La storia della Darsena, per come l’hanno raccontata alla mia generazione, comincia negli anni Ottanta, con la Milano da Bere: lo slogan pubblicitario che è diventato marketing urbano, a significare opulenza, rinascita, efficienza della città meneghina, prima della ricaduta con lo scandalo di Mani Pulite. Al contrario dei cocktails della vita culturale milanese, l’acqua della Darsena negli anni Ottanta era ancora sporca. L’area, in disuso alla fine degli anni Settanta, si trasforma in una distesa buia di vegetazione e spazzatura incontrollate. Bisogna aspettare il 2015 per un progetto di rigenerazione urbana. La firma è di Edoardo Guazzoni, Paolo Rizzatto e Sandro Rossi, con un progetto che muove i primi passi nel 2004 e si conclude con molta fatica nel 2015, a ridosso dell’Expo, l’evento che ha lanciato Milano nell’orbita delle città globali e globalizzate. A Guazzoni e Sandro Rossi negli anni Ottanta era stata affidata anche la rigenerazione delle Colonne di San Lorenzo e le architetture storiche che le circondano. I principi degli architetti da allora sono rimasti sempre gli stessi: assecondare gli usi che la cittadinanza già fa dei luoghi senza assegnargli forzatamente una funzione architettonica precisa, mantenere le atmosfere e preservare il patrimonio storico. 
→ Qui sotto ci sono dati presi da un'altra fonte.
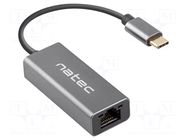 USB to Ethernet adapter; RJ45 socket,USB C plug; USB 3.1; grey NATEC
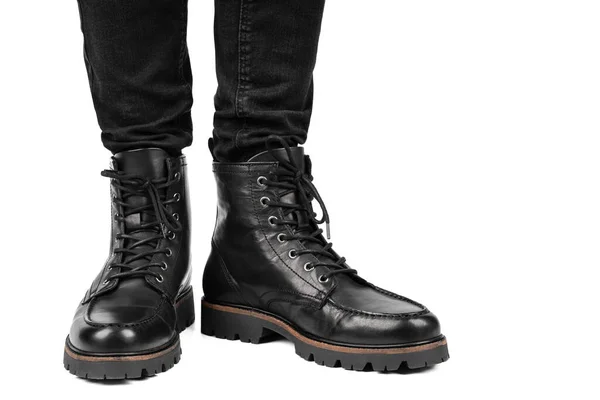 Pair Black Leather Boots Dress Boots Men Men Ankle High — 图库照片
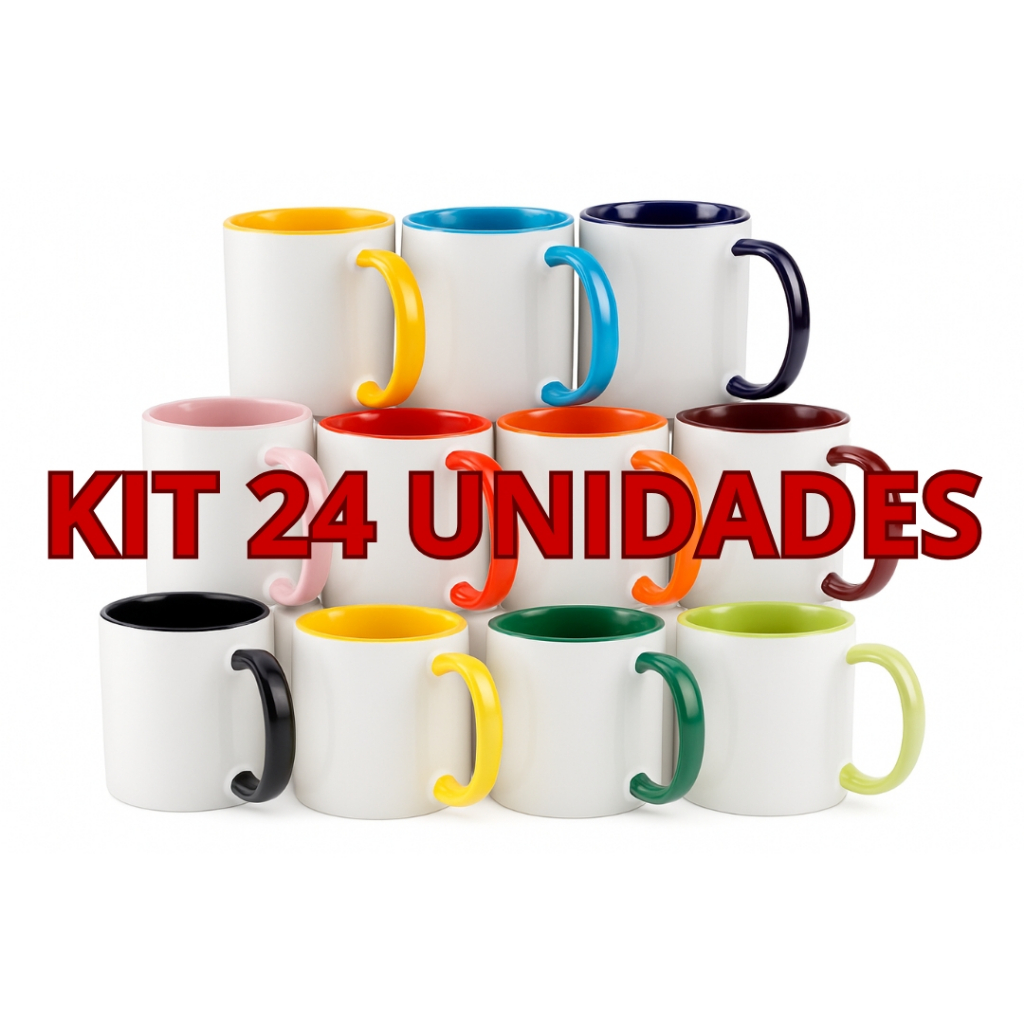 24 Canecas Interior E Alça Colorido Porcelana Para Sublimação em Oferta na Shopee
L’ultimo barcone transita nel 1979 – Nel 2004 viene bandito un concorso per riqualificare l’area 

1250 circa. Il Naviglio Grande fa il suo ingresso a Milano e inizia quasi da subito a essere navigato. Le barche giunte nella città si fermavano nel laghetto di Sant’Eustorgio, un bacino artificiale realizzato in epoca medievale, quello che, sotto la dominazione spagnola, diventerà un vero e proprio porto: la Darsena. L’ultimo barcone transita nel 1979, dopo una riduzione del traffico fluviale cominciata nel Dopoguerra. Da allora, la Darsena viene forzatamente privata dell’acqua e diventa una lunga distesa di spazzatura e vegetazione incontrollata. Nel 2004 la giunta Albertina bandisce un concorso per riqualificare l’area, ma vince un progetto per creare un parcheggio interrato, quasi immediatamente represso dai ricorsi di privati cittadini e associazioni. La cittadinanza rivendica il valore storico dell’area, la sua importanza nella vita culturale milanese.

La Nuova Darsena – un luogo raccolto, pensato per la sosta, il passeggio e lo svago

Nel quinquennio precedente all’ Expo a Milano si respira un’area nuova e la giunta Pisapia decide di rimettere mano al progetto. Da qui, la Nuova Darsena: un luogo raccolto, pensato per la sosta, il passeggio e lo svago come anche per l’organizzazione e lo svolgimento di manifestazioni e spettacoli all’aperto. Due anni e mezzo di cantiere, 20 milioni investiti in progetti, con l’inaugurazione che arriva a cinque giorni dall’apertura dei cancelli della manifestazione internazionale. Due condizioni imprescindibili secondo i tre progettisti erano: il ritorno dell’acqua e il mantenimento della maggior parte dei palazzi storici sorti intorno alla Darsena, nonché introdurre riferimenti architettonici al passato portuale – come i muri a vista che strizzano l’occhio alle mura cinquecentesche degli spagnoli. 

Alessia Baranello

L’autore non collabora, non lavora né partecipa, non riceve compensi né finanziamenti, da alcuna azienda o organizzazione che possa ricevere vantaggi economici o di sorta dalla pubblicazione di questo articolo.